誰の肩を持つでもなく、けれど誰かの痛みに目を背けもしない。
表向きの笑顔の裏で、しっかりと人を見ようとし、手を差し伸べようとしてくれている。
それが、どれほど難しいことか、私は知っている。
この人になら、少しくらいなら、打ち明けてもいいのかもしれない──優しさに縋りたくてではなく、その姿勢が、まっすぐで誠実で、どこか眩しく感じられたから。そんな気持ちが、胸の奥に灯った。
「⋯⋯ありがとうございます」
かすかに、けれどはっきりと、私はそう答えられた。
その声を聞いたエルンストが、少しだけ目を伏せた。
その仕草に、王子がふっと笑みを浮かべた。
「……そういう顔をするんだ、エルンスト。珍しいね。君にしては、感情が顔に出ている」
エルンストはわずかに眉をひそめたが、何も言わない。
無言の否定も肯定もしない沈黙が、かえって雄弁だった。
「なるほど⋯⋯ねえ」
王子の口元に浮かんだ笑みは、どこか愉快そうで、けれど優しかった。
「ま、でも君は昔からそうだ。大事なことほど、回りくどい。僕を連れ出すくらいなのに」
「⋯⋯アルフレッド、余計なことを言うな」
「ん? 珍しい。人前で君が名前を呼んでくれるなんて。嬉しいねえ」
殿下、ではなくアルフレッドと静かな声で名を呼んだエルンストが、かすかに肩をすくめた。

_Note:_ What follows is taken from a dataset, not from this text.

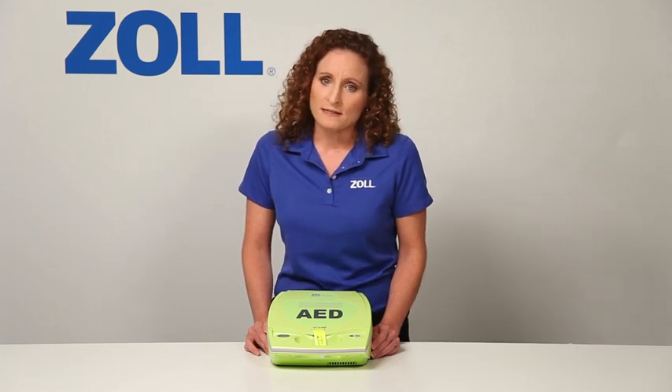Now let me demonstrate the major benefit of the AED Plus. It provides the best support to someone who is rescuing a victim of sudden cardiac arrest. Most of what I will demonstrate is not available in any other AEDs.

睨むでもなく、怒るでもなく、ただ苦笑に近い無言の抗議。
「大丈夫、大丈夫。言わないよ。僕は空気を読める方だよ、たぶんね」
そんなふうに言って、王子は今度こそ軽やかに笑った。
──二人は、私が思っていた以上に、状況を見ている。そして、気にかけてくれている。
だからこそ、私も、覚悟を決めた。
草を抜き続けるために。平穏を守るために。
ただ黙って過ぎ去るのを待つのではなく、自分の手で「選ぶ」ために。
もう一度、茂みに目を向ける。
まだ、抜きがいのある根の深そうな雑草は沢山あるのだから。